South Korea’s military said the missiles had sufficient range to reach any part of South Korea, including the Seongju region southeast of Seoul where the Terminal High-Altitude Area Defense system, known as THAAD, is to be stationed.
The salvo began at 5:45 a.m. with nearly back-to-back Scud missiles and was followed with a Rodong intermediate-range ballistic missile about an hour later, according to a statement from the U.S. Strategic Command.
Two of the missiles flew about 310 to 372 miles, a Joint Chiefs of Staff spokesman, Jeon Ha-kyu, told reporters. The military was analyzing how far the third missile flew, he said, revising an earlier statement that all three flew the above distance.
Jeon noted the timing of the launches.
“It can be interpreted as Pyongyang’s clear message that it can attack Seongju and any other part of South Korea,” he said.
They were launched in the western city of Hwangju and flew across the country before crashing off the east coast in the Sea of Japan, officials said.
South Korea strongly condemned the launches, with the Foreign Ministry calling it “a blatant violation of relevant United Nations resolutions and a provocation threatening the safety and peace of the Korean Peninsula as well as the region.”

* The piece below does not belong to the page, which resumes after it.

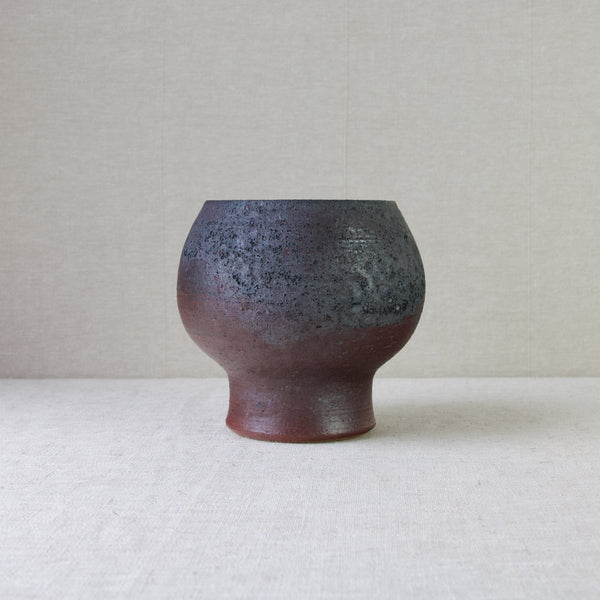 Brown chamotte vase designed by Liisa Hallamaa, Arabia, Finland. A handmade and unique object from 1960's with highly textured glaze.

Ministry spokesman Cho June-hyuck also said South Korea will take the necessary diplomatic steps to stiffen international pressure on Pyongyang, which already faces U.N. sanctions that were toughened after it conducted its fourth nuclear test in January.

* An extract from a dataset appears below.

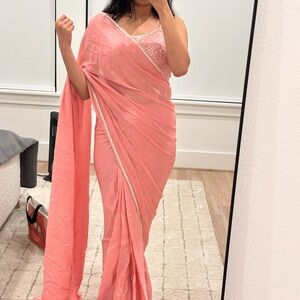 Elegant Pink Saree with Embellished Blouse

Japanese Defense Minister Gen Nakatani also called the launches “an act of provocation that undermines regional and international security.”
“We absolutely cannot accept it,” he said, according to The Associated Press.
The North has issued a string of angry warnings since the U.S. said it was slapping leader Kim Jong Un with sanctions. Pyongyang also threatened last week to retaliate against THAAD with a “physical counter-action.”
Washington and Seoul say the anti-missile battery is needed to counter the growing threat from the North, which has test-fired several missiles in recent months.
Melissa Hanham, an expert on North Korean issues at the Middlebury Institute of International Studies at Monterey, Calif., said the launches appeared political in nature.
“Every missile test will give you some technical information that can be useful,” she said in a telephone interview. “That being said, the timing of it, the range and the number of them right after the THAAD announcement probably makes this largely a political test rather than a technical test.”
The two Koreas remain technically at war since a 1950-53 war ended with an armistice instead of a peace treaty. The U.S. maintains about 28,500 servicemembers in the South.